▸ **Exercise brief**:
The whole listing needs to be written out exactly, except for any images.

▸ **Source data**:
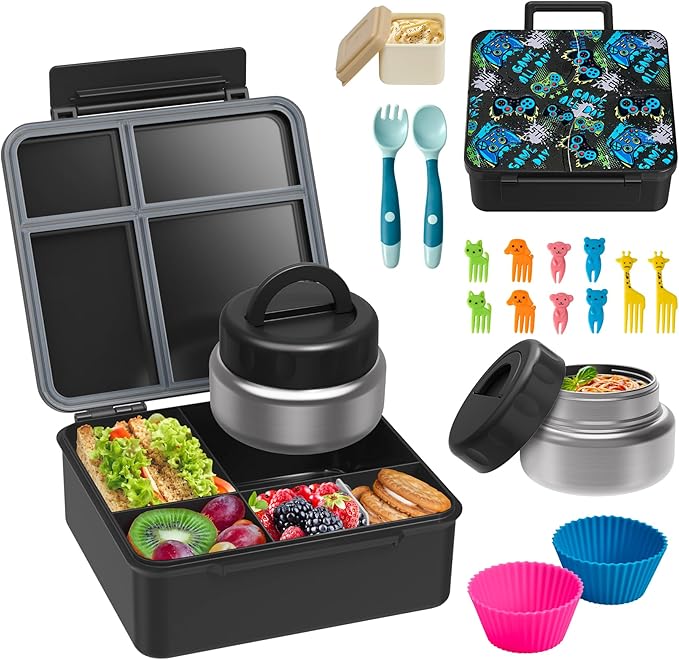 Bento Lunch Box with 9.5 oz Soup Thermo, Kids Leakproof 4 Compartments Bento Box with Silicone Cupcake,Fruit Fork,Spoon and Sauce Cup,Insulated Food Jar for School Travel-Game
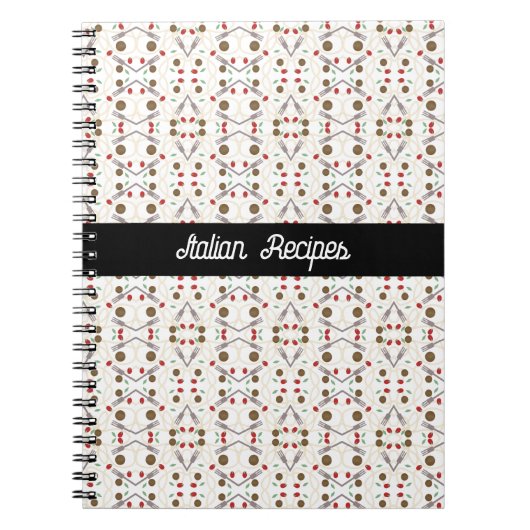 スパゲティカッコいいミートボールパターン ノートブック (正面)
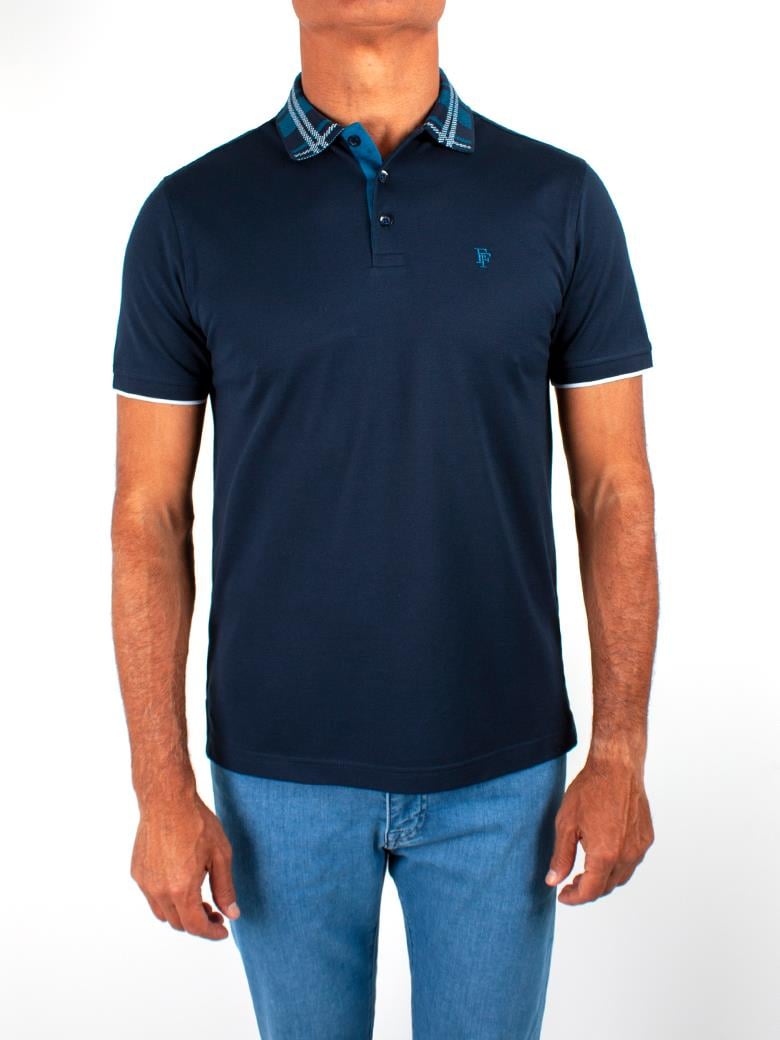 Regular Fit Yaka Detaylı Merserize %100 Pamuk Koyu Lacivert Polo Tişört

▸ **Output of the task**:
 Bento Lunch Box with 9.5 oz Soup Thermo, Kids Leakproof 4 Compartments Bento Box with Silicone Cupcake,Fruit Fork,Spoon and Sauce Cup,Insulated Food Jar for School Travel-Game
 スパゲティカッコいいミートボールパターン ノートブック (正面)
 Regular Fit Yaka Detaylı Merserize %100 Pamuk Koyu Lacivert Polo Tişört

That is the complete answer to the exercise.